WORK INSTRUCTION ->
From the line containing "205 Kirk Way, Candler, NC 28715" to the last line of the listing, transcribe exactly and add nothing else; keep both ends and omit pictures.

DATA ->
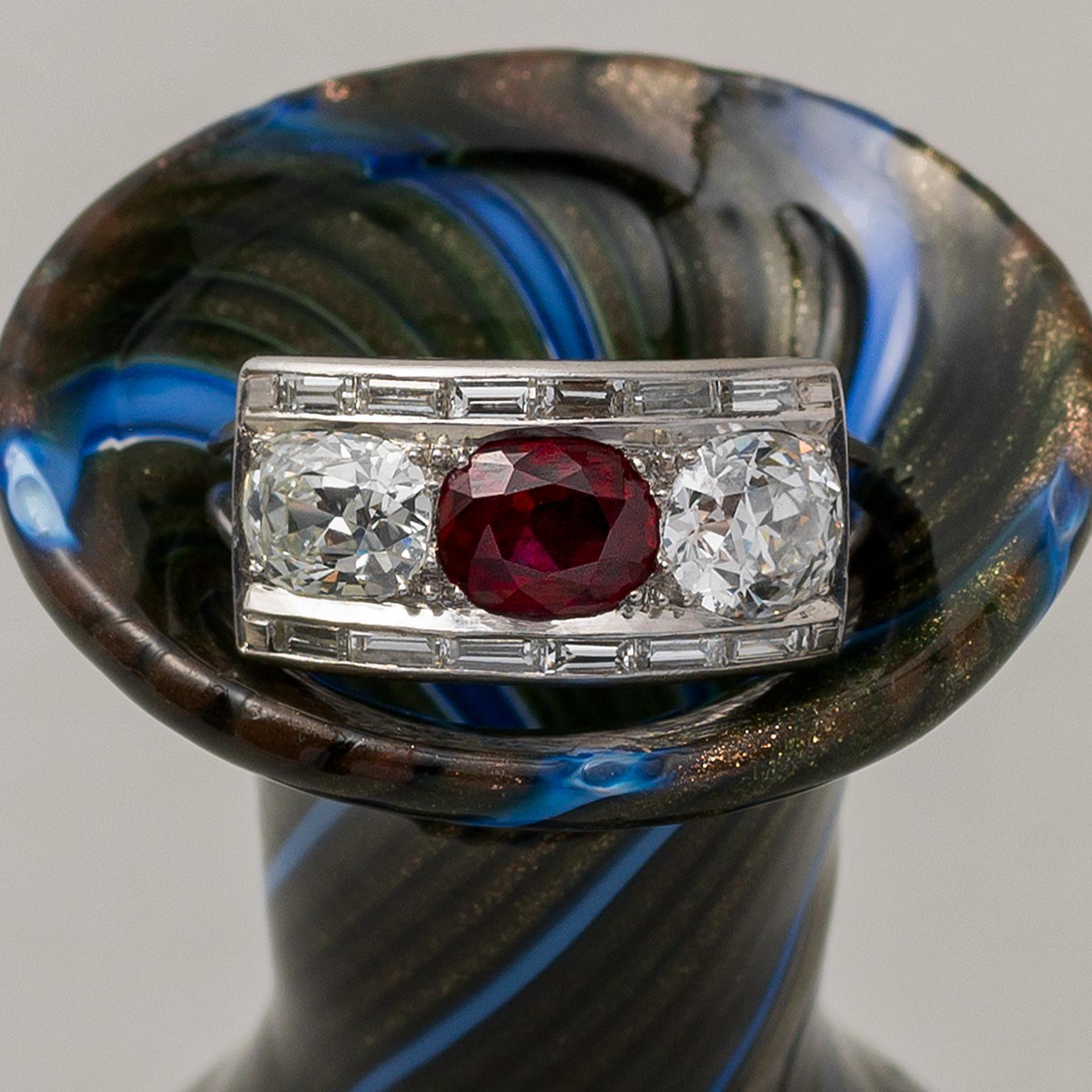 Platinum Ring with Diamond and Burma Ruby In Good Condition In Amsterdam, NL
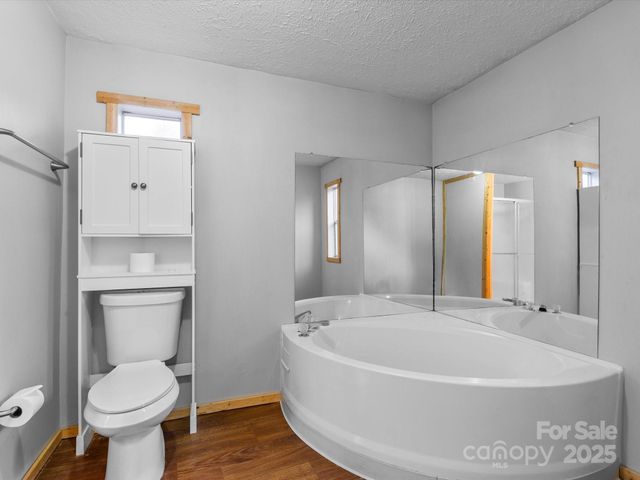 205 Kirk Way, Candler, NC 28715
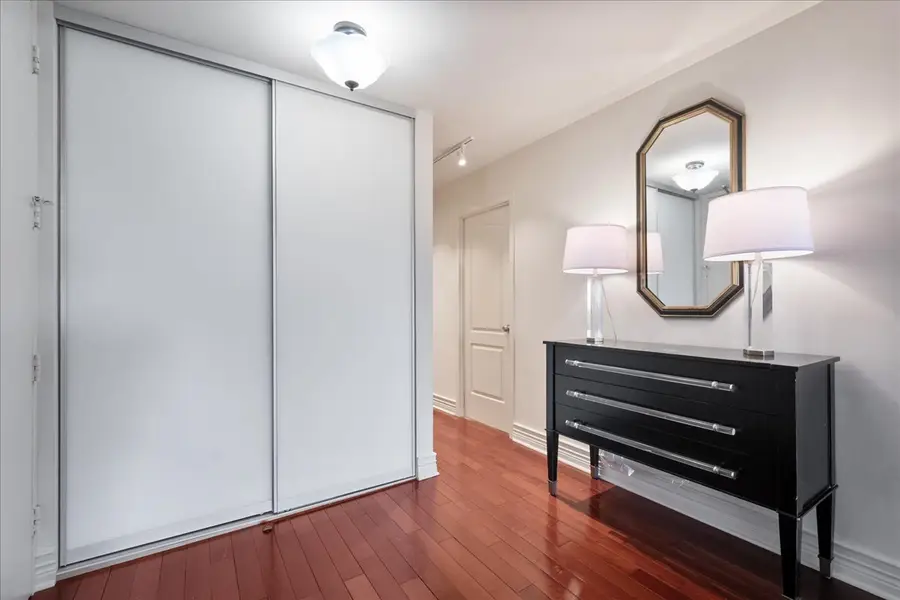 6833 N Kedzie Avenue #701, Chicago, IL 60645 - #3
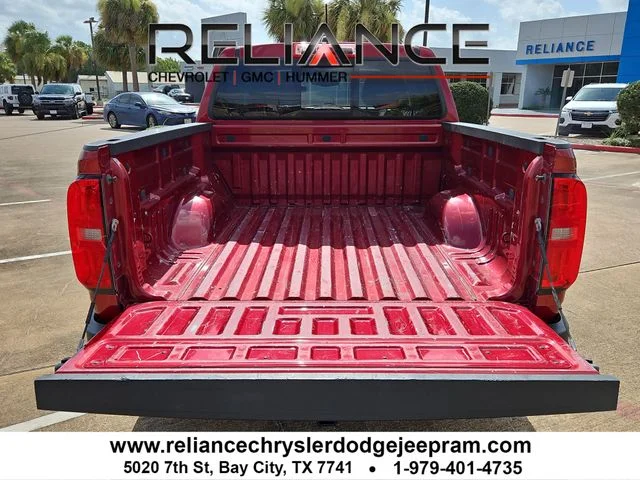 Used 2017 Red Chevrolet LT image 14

ANSWER TO THIS EXERCISE ->
 205 Kirk Way, Candler, NC 28715
 6833 N Kedzie Avenue #701, Chicago, IL 60645 - #3
 Used 2017 Red Chevrolet LT image 14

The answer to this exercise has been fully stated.